Когда иммунная система не может эффективно противостоять чужеродным телам — это называется СПИД, признак скорой гибели организма. Когда государственная служба безопасности теряет способность противостоять оппозиции — это социальный СПИД, признак близкой смерти.

Запад походил на охотника, а СССР на сильного зверя типа медведя. Охотник хочет взять его живым. Для этого изучает повадки зверя, вешает ему морковки, заманивая в ловушки, роет ямы на пути к водопою, вынуждая медведя сделать навязанный охотником шаг.
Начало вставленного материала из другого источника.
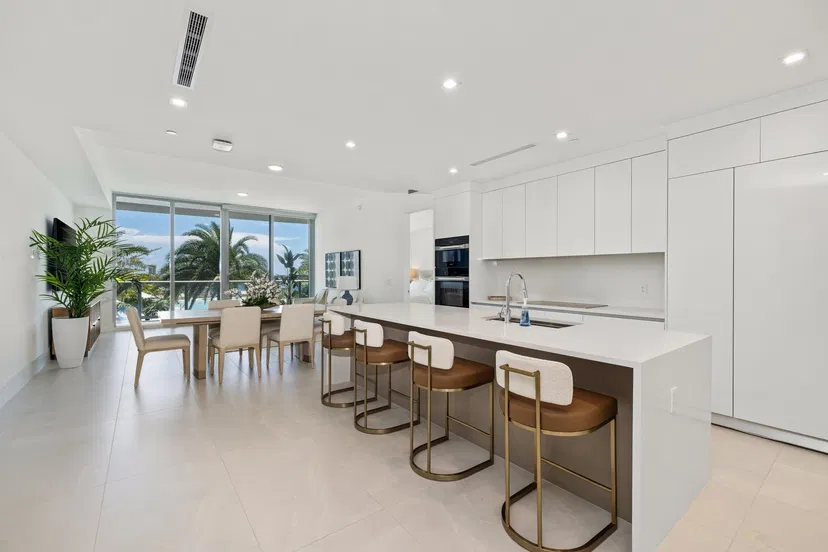 220 Lake Shore Drive 704, Lake Park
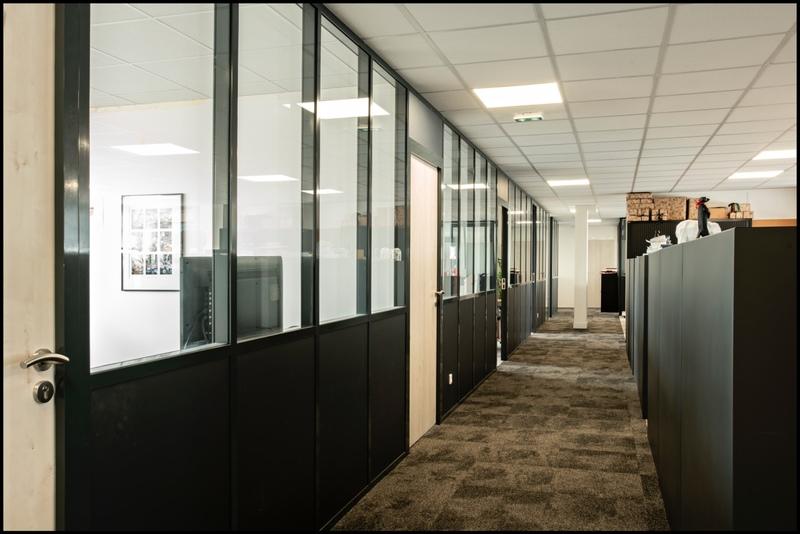 Bureau - 527 m² - 1 pièce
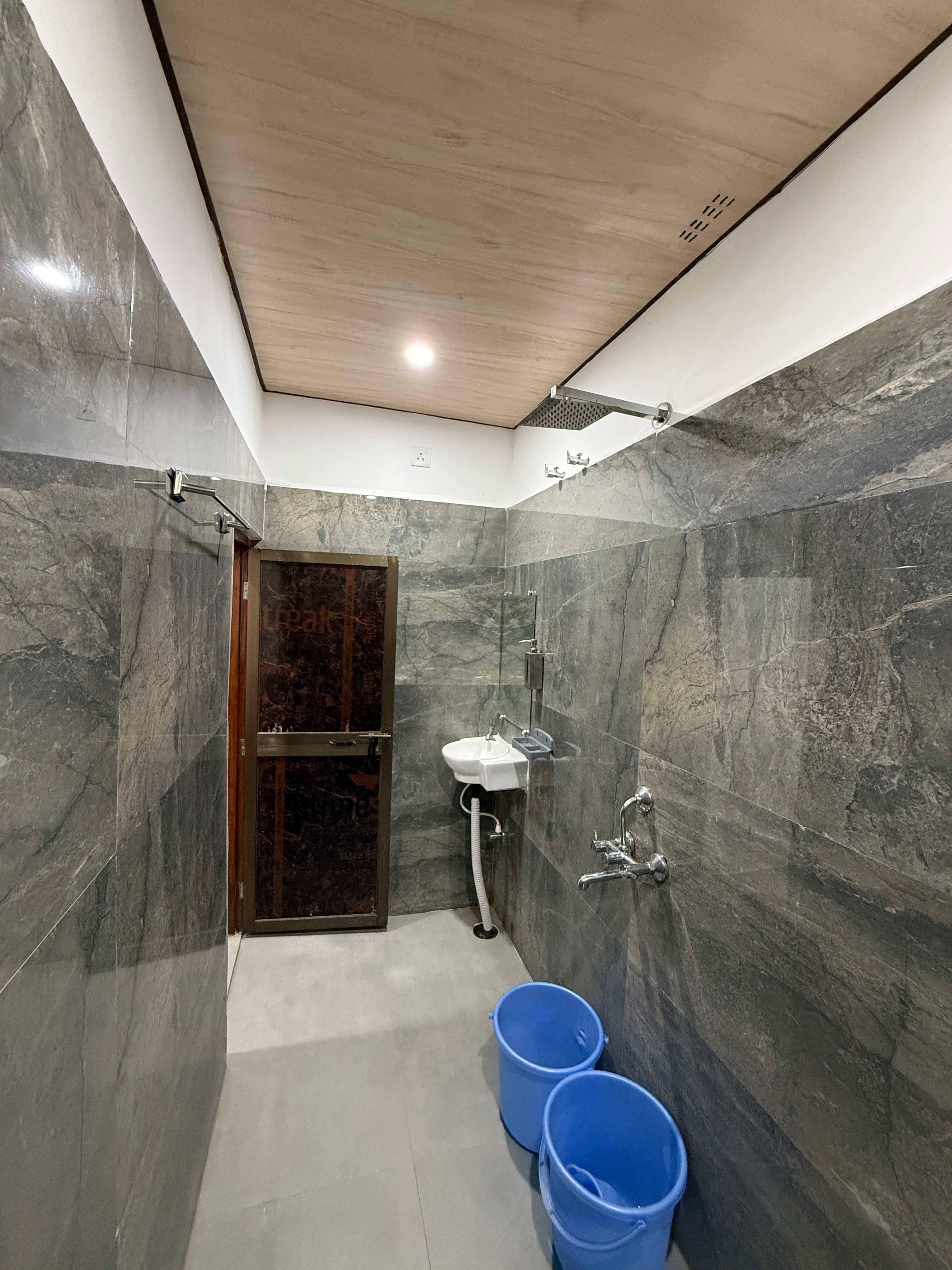 Shreemat Homestay - Tap to explore photos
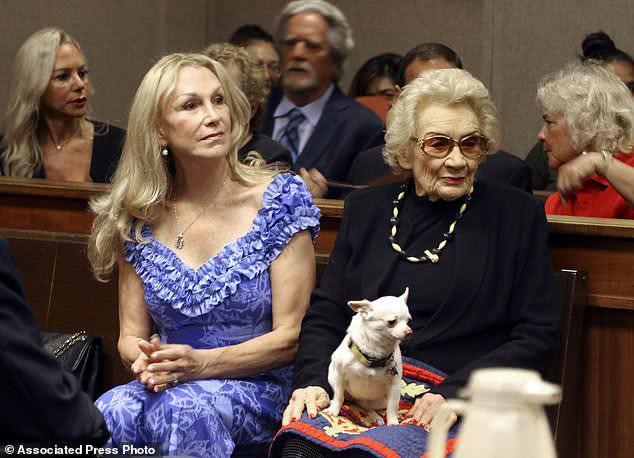 美国93岁“末代公主”出席15亿资产听证会，妻子陪同态度冷漠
Медведь чует опасность, но установить связь между ощущениями и ситуацией не может. Он не способен к стратегическому мышлению. Его потолок видения проходит по тактическому горизонту. Ни о каком стратегическом, тем более концептуальном и мировоззренческом мышлении речи нет. Для него это пустые слова, демагогия. Реальной он считает только физическую силу. Все проблемы решает по принципу «нет человека — нет проблемы», физически устраняя неугодных.

Но с охотником, во-первых, этот принцип не работает. Его ружье исключает потенциальную агрессию медведя. Во-вторых, охотник хочет взять медведя, не портя шкуру, и потому не собирается с ним драться. Он делает все, чтобы медведь сам шел в расставленные ему ловушки.

Огромным минусом для СССР была привязка к идеологической линии, что ограничивало его инициативу, тогда как США были абсолютно свободны действовать по ситуации. СССР был подобен древней персидской армии, которая была так велика, что ее обоз могли везти только корабли. Это привязывало ее к береговой линии. США были похожи на древнюю греческую армию. Она была меньше, но не была ни к чему не привязана. Зная маршрут своего врага, греки выбирали самые удобные для себя позиции, и самые неудобные для персов. В итоге маленькие победили больших.